A string of a dozen volcanoes, at least several of them active, has been found beneath the frigid seas near Antarctica, the first such discovery in that region.
Some of the peaks tower nearly 10,000 feet (3,000 meters) above the ocean floor — nearly tall enough to break the water's surface.
"That's a big volcano. That's a very big volcano. If that was on land it would be quite remarkable," said Philip Leat, a vulcanologist with the British Antarctic Survey who led a seafloor mapping expedition to the region in 2007 and 2010.
The group of 12 underwater mountains lies south of the South Sandwich Islands — desolate, ice-covered volcanoes that rise above the southern Atlantic Ocean about halfway between South America and South Africa and erupted as recently as 2008. It's the first time such a large number of undersea volcanoes has been found together in the Antarctic region.
Leat said the survey team was somewhat surprised by the find.
"We knew there were other volcanoes in the area, but we didn't go trying to find volcanoes," Leat told OurAmazingPlanet. "We just went because there was a big blank area on the map and we had no idea what was there; we just wanted to fill in the seafloor."
The team did so, thanks to ship-borne seafloor mapping technology, and not without a few hair-raising adventures.
Leat said the images of the seafloor appear before your eyes on screens as the ship moves through the water. "So it's very exciting," he said. "You go along and suddenly you see the bottom start to rise up underneath you, and you don't know how shallow it's going to get."
At one point, in the dead of night, the team encountered a volcano so large it looked as though the RRS James Clark Ross, the team's research vessel, might actually crash into the hidden summit. "It was quite frightening, actually," Leat said.
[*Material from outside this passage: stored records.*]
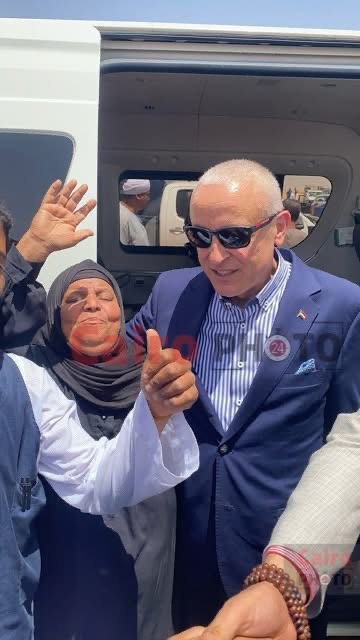 محافظ الأقصر يصطحب مسنة بسيارتة من حرارة الجو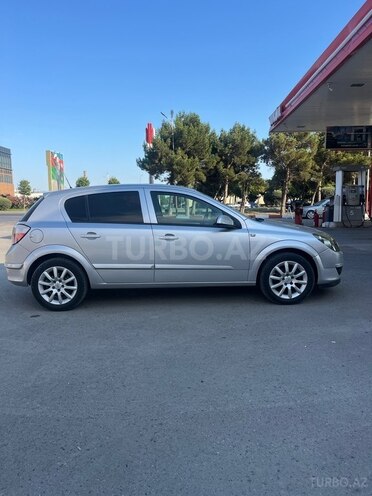 Opel Astra-11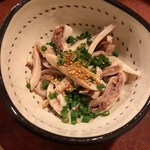 もつ料理津上 - あっさりした味と触感の酢モツ。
The researchers stopped the ship and decided to return in daylight. The onboard instruments revealed that some of the peaks rise within 160 feet (50 meters) of the ocean's surface. [Related: The World's Biggest Oceans and Seas]
Though the peaks are largely invisible without the aid of 3-D mapping technology, scientists can tell they're volcanoes.
Leat said their conelike silhouette is a dead giveaway. "There's no other way of getting that shape on the seafloor," he said. In addition, the researchers dredged up rocky material from several peaks and found it rife with volcanic ash, lumps of pumice and black lava.
The find backed up reports from a ship that visited the area in 1962, which indicated a hidden volcano had erupted in the region.
Leat's biologist colleagues discovered some interesting creatures living in the hot-spring-like conditionsnear the underwater mountains, and news on that will be forthcoming, Leat said.
Despite the frozen, isolated conditions, Leat said the expeditions were far from boring. Quite the opposite, in fact. Each moment, a hidden world never before seen by humans unfolded before their eyes.
"It's amazing," Leat said, "and you can hardly go to bed at night because you want to see what's happening."